Question

A quantity of ice ( 5 kg) at (0 C) was added to a quantity of water ( 1 kg) at (35 C). By neglecting the amount of heat lost. Calculate the final temperate of the mixture.

Given that:
Cw = 4180 J/kg.k
Lf = 3.33* 10^5 j/kg

Answer 1

qualitatively, we can say that the melting of the sample of ice occurs, subsequently, the corresponding water will be heated to the final temperature, namelt the equilibrium temperature \(t_e\). So we can write the subsequent equation of energy balance:
\[\huge \begin{gathered}
{L_f}{M_1} + {c_{{H_2}O}}{M_1}\left( {{t_e} - {t_0}} \right) = \hfill \\
\hfill \\
= {c_{{H_2}O}}{M_{water}}\left( {{t_2} - {t_e}} \right) \hfill \\
\end{gathered} \]
where \(\Large t_2=35°C\), \(\Large t_0=0°C\), and \(\Large c_{H_2O}=1J/(Kg\cdot K)\)
Furthermore, \(\Large M_1\) is the mass of the initial sample of ice

Answer 2

Please solve that formula for \(\Large t_e\)

Answer 3

@Michele_Laino , I want you to solve it totally by yourself.

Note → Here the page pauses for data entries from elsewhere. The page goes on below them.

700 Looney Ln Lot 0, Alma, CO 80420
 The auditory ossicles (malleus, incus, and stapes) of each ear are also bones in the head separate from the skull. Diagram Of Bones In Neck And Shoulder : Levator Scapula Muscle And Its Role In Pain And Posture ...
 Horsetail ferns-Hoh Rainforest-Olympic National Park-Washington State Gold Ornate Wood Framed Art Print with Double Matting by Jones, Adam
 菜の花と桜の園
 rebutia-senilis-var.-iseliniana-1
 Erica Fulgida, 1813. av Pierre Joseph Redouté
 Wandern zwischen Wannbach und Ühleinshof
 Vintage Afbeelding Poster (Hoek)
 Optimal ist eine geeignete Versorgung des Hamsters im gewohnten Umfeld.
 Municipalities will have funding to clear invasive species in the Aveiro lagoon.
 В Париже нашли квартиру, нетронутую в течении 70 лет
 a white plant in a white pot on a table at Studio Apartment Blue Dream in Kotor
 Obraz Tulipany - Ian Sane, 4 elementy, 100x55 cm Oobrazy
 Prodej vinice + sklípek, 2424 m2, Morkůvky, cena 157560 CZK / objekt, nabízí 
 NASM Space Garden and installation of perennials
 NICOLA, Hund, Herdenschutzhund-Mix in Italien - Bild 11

As I am going to discuss with you something related to the final answer.

Answer 4

I got a negative result as final temperature, maybe there is a typo among your data

Answer 5

No, that's correct, You got -60 ?

Answer 6

@Michele_Laino

Answer 7

yes! you are right! There is no reason to use the specific heat of ice

Answer 8

Now explain what does -60 means.

Answer 9

I studied negative temperatures, when I have to study statistical physics, so please wait, I go to retrieve my textbook of statistical physics

Answer 10

Okie dokie !

Answer 11

Thanks for your valuable information, time.

Answer 12

please wait, I'm thinking on your question...

Answer 13

@Michele_Laino , I closed as I though you would retrieve your textbook first.

Whenever you find the answer just tag.